Web page caption snippets:
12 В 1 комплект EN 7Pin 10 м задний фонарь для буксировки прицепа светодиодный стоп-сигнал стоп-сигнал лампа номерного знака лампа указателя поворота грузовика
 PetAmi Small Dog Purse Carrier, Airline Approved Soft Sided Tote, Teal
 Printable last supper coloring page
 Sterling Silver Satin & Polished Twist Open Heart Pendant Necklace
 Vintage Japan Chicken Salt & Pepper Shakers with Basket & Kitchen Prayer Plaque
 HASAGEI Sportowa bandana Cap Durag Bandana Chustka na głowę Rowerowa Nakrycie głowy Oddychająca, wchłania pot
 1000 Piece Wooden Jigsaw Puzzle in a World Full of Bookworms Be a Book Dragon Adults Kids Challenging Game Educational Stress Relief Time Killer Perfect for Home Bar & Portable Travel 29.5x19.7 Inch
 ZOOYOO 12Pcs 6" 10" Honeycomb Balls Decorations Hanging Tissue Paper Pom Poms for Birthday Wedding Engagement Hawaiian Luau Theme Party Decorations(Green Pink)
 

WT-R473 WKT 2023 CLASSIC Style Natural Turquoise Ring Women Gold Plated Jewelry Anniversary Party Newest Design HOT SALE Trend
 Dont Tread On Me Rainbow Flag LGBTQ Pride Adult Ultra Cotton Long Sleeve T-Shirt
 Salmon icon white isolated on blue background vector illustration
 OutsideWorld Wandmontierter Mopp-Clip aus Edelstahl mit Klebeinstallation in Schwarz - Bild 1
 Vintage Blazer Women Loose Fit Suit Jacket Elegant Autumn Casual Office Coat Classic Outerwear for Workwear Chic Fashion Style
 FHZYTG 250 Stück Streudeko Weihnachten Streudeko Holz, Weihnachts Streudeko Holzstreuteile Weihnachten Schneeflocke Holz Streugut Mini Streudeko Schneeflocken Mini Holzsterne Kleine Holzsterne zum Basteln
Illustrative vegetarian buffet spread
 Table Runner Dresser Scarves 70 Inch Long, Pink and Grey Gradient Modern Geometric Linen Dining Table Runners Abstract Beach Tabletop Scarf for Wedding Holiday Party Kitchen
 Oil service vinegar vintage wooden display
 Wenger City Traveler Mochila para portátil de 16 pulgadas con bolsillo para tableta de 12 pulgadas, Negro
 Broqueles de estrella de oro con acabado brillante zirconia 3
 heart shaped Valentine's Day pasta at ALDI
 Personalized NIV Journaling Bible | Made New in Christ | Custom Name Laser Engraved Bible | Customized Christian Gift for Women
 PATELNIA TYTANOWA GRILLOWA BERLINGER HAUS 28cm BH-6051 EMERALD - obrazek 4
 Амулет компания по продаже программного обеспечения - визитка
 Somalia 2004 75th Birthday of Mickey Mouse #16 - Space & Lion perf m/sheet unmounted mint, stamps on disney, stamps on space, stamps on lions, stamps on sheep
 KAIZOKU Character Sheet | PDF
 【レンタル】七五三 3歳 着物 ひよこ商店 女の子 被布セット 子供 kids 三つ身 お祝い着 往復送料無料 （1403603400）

▶ [YOUR OBJECTIVE]:
All that is wanted is the lines from the one containing "heart shaped Valentine's Day pasta at ALDI" through the last line of the records, restated word for word.

▶ [ANSWER TO THIS PROBLEM]:
 heart shaped Valentine's Day pasta at ALDI
 Personalized NIV Journaling Bible | Made New in Christ | Custom Name Laser Engraved Bible | Customized Christian Gift for Women
 PATELNIA TYTANOWA GRILLOWA BERLINGER HAUS 28cm BH-6051 EMERALD - obrazek 4
 Амулет компания по продаже программного обеспечения - визитка
 Somalia 2004 75th Birthday of Mickey Mouse #16 - Space & Lion perf m/sheet unmounted mint, stamps on disney, stamps on space, stamps on lions, stamps on sheep
 KAIZOKU Character Sheet | PDF
 【レンタル】七五三 3歳 着物 ひよこ商店 女の子 被布セット 子供 kids 三つ身 お祝い着 往復送料無料 （1403603400）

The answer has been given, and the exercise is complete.